Objective To investigate the effects of esketamine on hypoxic-ischemic myocardial injury in neonatal rats based on glycogen synthase kinase-3β/NOD-like receptor thermal protein domain-containing protein 3 (GSK-3β/NLRP3) pathway.
Methods Thirty neonatal rats were randomly divided into sham operation group, model group and esketamine group, with 10 rats in each group. The rats in the sham operation group underwent a median incision in the neck to expose the bilateral common carotid arteries; the rats in the model group and the esketamine group underwent ligation of the common carotid arteries combined with a hypoxic environment to establish a model ofischemia and hypoxia; the rats in the esketamine group were given esketamine intervention (50 mg/kg). Left ventricular ejection fraction (LVEF), left ventricular fractional shortening (LVFS), left ventricular end-diastolic diameter (LVEDD), left ventricular end-systolic diameter (LVESD), serum creatine kinase isoenzyme (CK-MB), cardiac troponin I (cTnI), lactate dehydrogenase (LDH), tumor necrosis factor-α (TNF-α), interleukin (IL)-6 and IL-1β levels, myocardial injury, myocardial cell apoptosis and apoptosis protein caspase 1/3/9 levels, neutrophil infiltration in myocardial tissue, and changes in GSK-3β and NLRP3 protein levels in myocardial tissue were detected in each group.

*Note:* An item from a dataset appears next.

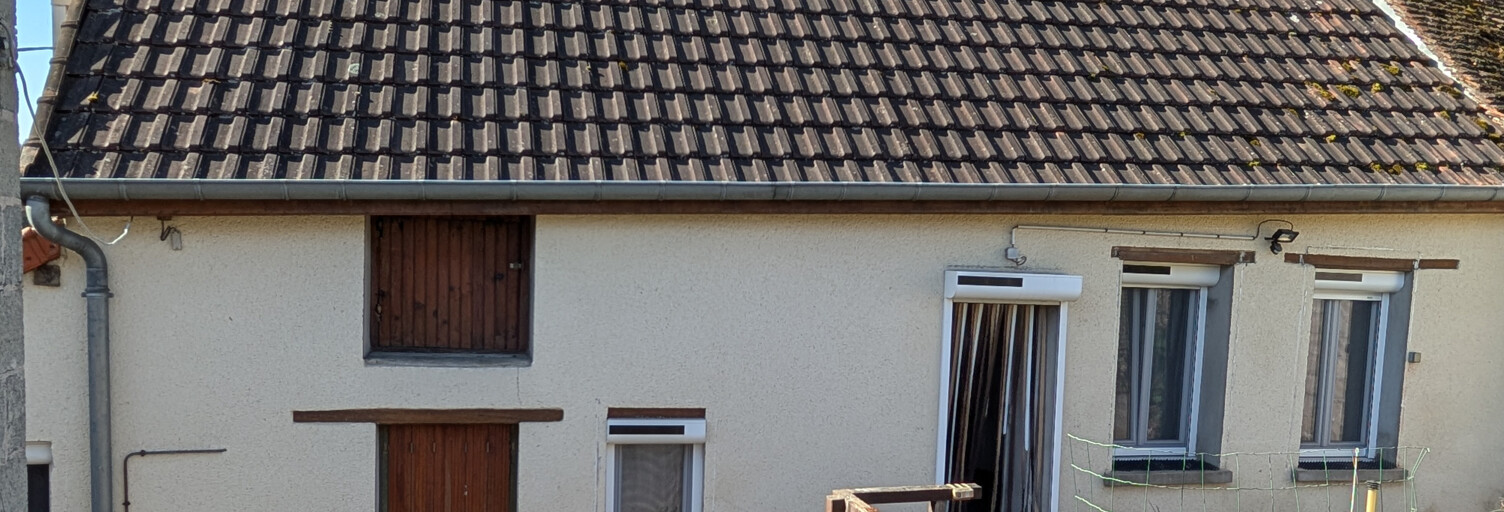 Maison 3 Pièces 67 m² à vendre à Arnay-le-Duc (21230)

Results Compared with the sham operation group, the LVEF and LVFS were significantly decreased and the LVEDD and LVESD were significantly increased in the model group, while the LVEF and LVFS were significantly higher and the LVEDD and LVESD were significantly lower in the esketamine group than in the model group (P < 0.05). The serum levels of CK-MB, cTnI, LDH, TNF-α, IL-6, IL-1β, myocardial injury and apoptosis, caspase 1/3/9 protein levels in myocardial tissue sections, neutrophil counts, and GSK-3β and NLRP3 protein levels were significantly increased in the model group, and these indicators were significantly lower in the esketamine group than in the model group (P < 0.05).
Conclusion Esketamine improves hypoxic-ischemic myocardial injury in neonatal rats by inhibiting inflammation, and its mechanism of action is related to the GSK-3β/NLRP3 pathway.